Apache Atlas Update: Have you been watching?

It has been awhile since I’ve written anything.  Time to “catch up!”

A lot has been happening in the world of metadata management and governance.   We are now seeing many real life use cases, as machine learning, intelligent data classifications, graph database technology and more are being applied to the information governance domain.    Efforts for standardization in the metadata and governance space are moving forward also.  For this post, let’s take a look at Apache Atlas.

Apache Atlas continues to mature, celebrating several major milestones in 2017.  Shortly after its second birthday (Apache Atlas was launched as an incubator project in May of 2015), Apache Atlas graduated to a top level project status signifying that the project’s community and products have been well-governed under the Apache Software Foundation’s (ASF) meritocratic process and principles.  This is evidence of the hard work performed by the collective Apache Atlas team that Apache Atlas is increasingly ready for real world implementations.  Of course, that milestone, while worthy of recognition, is just one of the many steps Atlas is taking, and continues to make, going forward.  Here are other significant developments for Apache Atlas this year:

  • Introduction of OMRS and its other complementary APIs.  OMRS is a key part of the Open Metadata framework that introduces the notion of repository metadata sharing and access.  In the true spirit of Apache communities, Apache Atlas is not alone in the world of enabling information governance; sharing of metadata between diverse metadata repositories can now be realized, in addition to simpler federation of metadata across multiple Atlas repositories.
  • New common models for critical types of metadata.  To facilitate metadata sharing via OMRS, and to establish a more widely adaptable set of asset definitions, it was agreed by the Atlas team that a common definition for data structures, processes, and other data asset attributes.  This helps facilitate metadata sharing by increasing the likelihood that integrators building interfaces to Atlas will choose a common type definition for their content instead of designing their own custom types while providing extension points if needed.
  • New Glossary Model.  A detailed new glossary model was designed (and API implemented) for a stronger semantic layer.  Business concepts and their relationships are the cornerstone of disciplined information governance.
  • Streamlining of the Apache Atlas infrastructure.   The underlying graph database implementation was upgraded to take maximum advantage of JanusGraph, itself becoming the leading standard for open source graph engines.
  • Continued/ongoing clean-up of the install and build procedures.  Considering the wider adoption of Apache Atlas throughout the governance community, Atlas team has enhanced test suites to assure that the new functionality added is well tested and the build and install processes are more streamlined..  For example, packaging and building Apache Atlas within Docker containers.
  • The number of new Committers!  Apache, as everyone knows (or should know), is a meritocracy.  This means that recognition and influence is determined by an acknowledged investment of time, effort, and contributions.  Formal recognition as a committer requires many months of hard work to moving a project forward.  Congratulations to all the new Committers this year!    Even more important, the increase in Committers and contributors overall is yet another illustration of how Apache Atlas is growing in importance and general industry awareness.
  • The Virtual Data Connector use case.  Self service data exploration environments need to provide an integrated view of data from many different systems and organizations.  Access is needed in order to discover new uses and interesting patterns in the data.   The VDC project aims to provide a single endpoint for accessing data that presents a virtualized view of the data assets with the appropriate data security.  This is accomplished by extending the integration of Apache Atlas with Apache Ranger via the tag-based security access introduced in Apache Atlas in 2016, in order to provide security access based on both the classification tags (eg PII and SPI tags, subject area of the data etc.)  An additional plug-in is added to Apache Atlas to control access to metadata based on whether an end-user is allowed to discover a data sources’ metadata.

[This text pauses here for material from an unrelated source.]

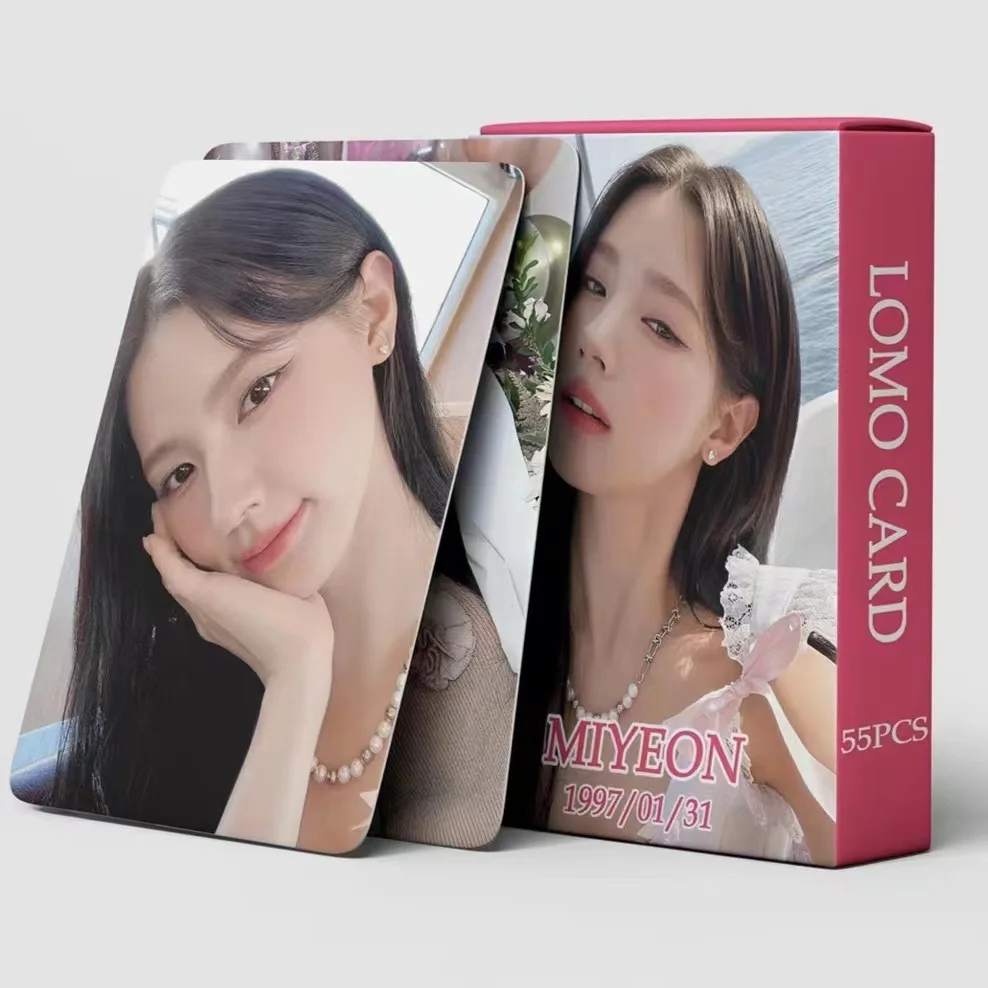 

55 шт./компл. фотокарточки Kpop GIDLE Minnie Miyeon Soyeon Solo Lomo YUQI SHUHUA HD фотокарта для студентов, коллекционные карты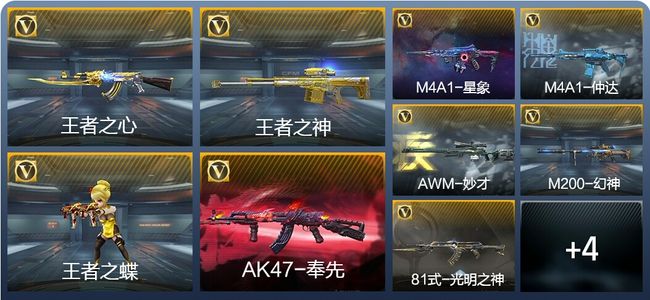 穿越火线：枪战王者V6 4王者武器 177英雄武器 3英雄角色 283万化 专家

So….it’s been a very busy year for Apache Atlas.  While most of these capabilities have already been developed and are being tested, they will become generally available in the upcoming Apache Atlas v1.0 which will be a huge milestone release for the community. The project is maturing, and gaining increased attention across the industry, in the information governance space, and beyond.   The code continues to mature, with increase in adoption and variety of applications every week.   The critical mass of industry expertise contributing to Apache Atlas continues to grow.    Start watching!   Start playing!  Join in and help Apache Atlas reach its next set of milestones!

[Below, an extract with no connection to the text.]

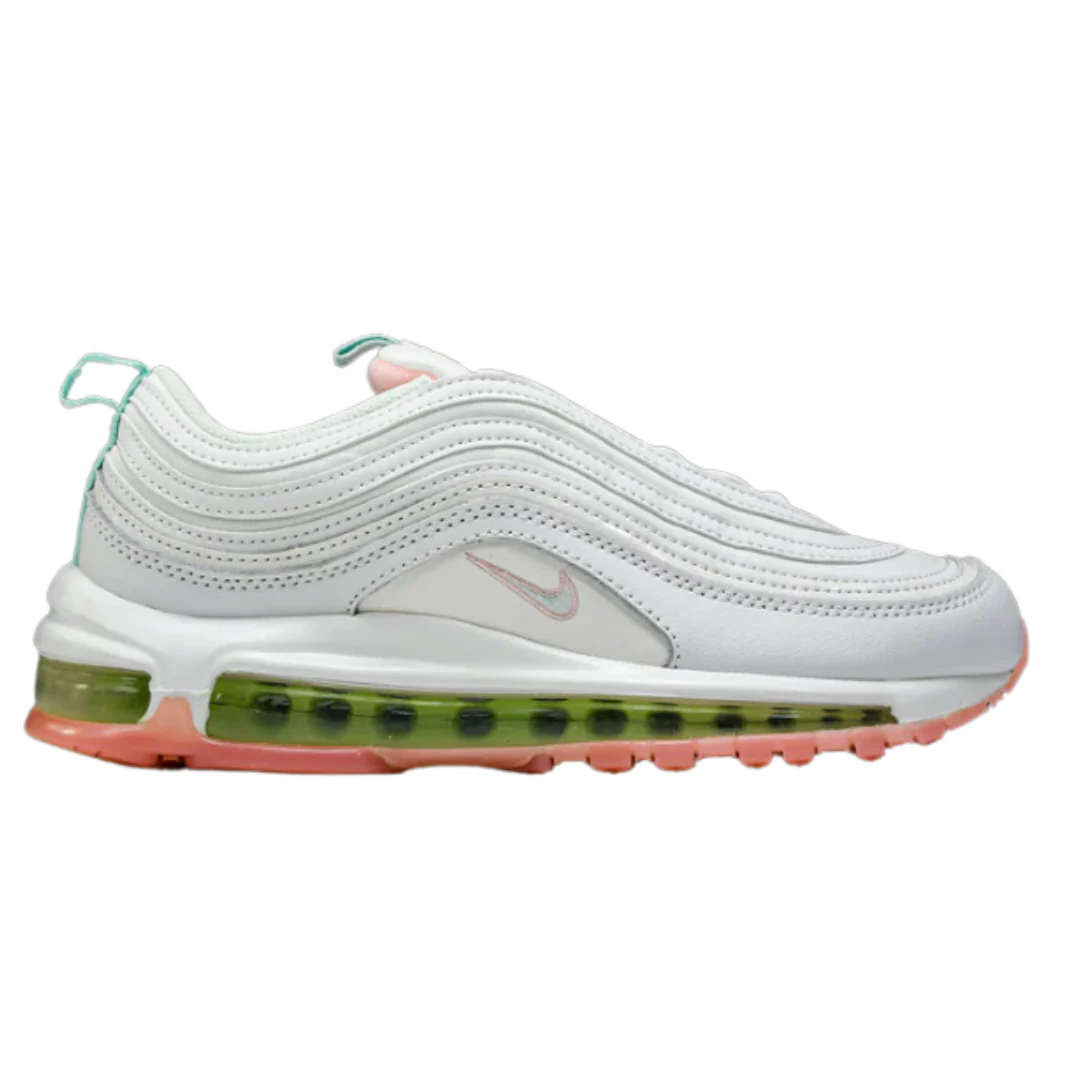 Nike Air Max 97 White and Green Sole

Main Apache Atlas web site
Atlas Wiki

Links to specific Apache Atlas Topics

Open Metadata and Governance
Link to more details on OMRS
Building Out the Open Metadata Typesystem
Virtual Data Connector


New Governance Blog covering IGC

Hi everyone…. here’s a pointer to another IGC and Governance resource written by some of my IBM colleagues…..  this post includes details on the advantages of using OpenIGC to extend governance to any kind of assets…   https://ibm.co/2AGpdaq .   Happy reading!


Explore the Benefits of Information Governance with the IGC Trial

Earlier today we released the first implementation of the InfoSphere Information Governance Catalog Trial!   This is a downloadable module that lets you quickly and easily get a closer look at the Information Governance Catalog (IGC), complete with real pre-loaded metadata, business terms, and lineage.    It is a modified Docker-based implementation, and is not intended for production use or full-blown Information Server capability, but it allows you and your team to explore IGC, work with its features, and realize how you can achieve your governance objectives for common understanding, data quality monitoring, and data lineage.   Tutorials and videos will also guide you along the way.   The links below go into far more detail and lead also to the formal download page…     Good luck and enjoy!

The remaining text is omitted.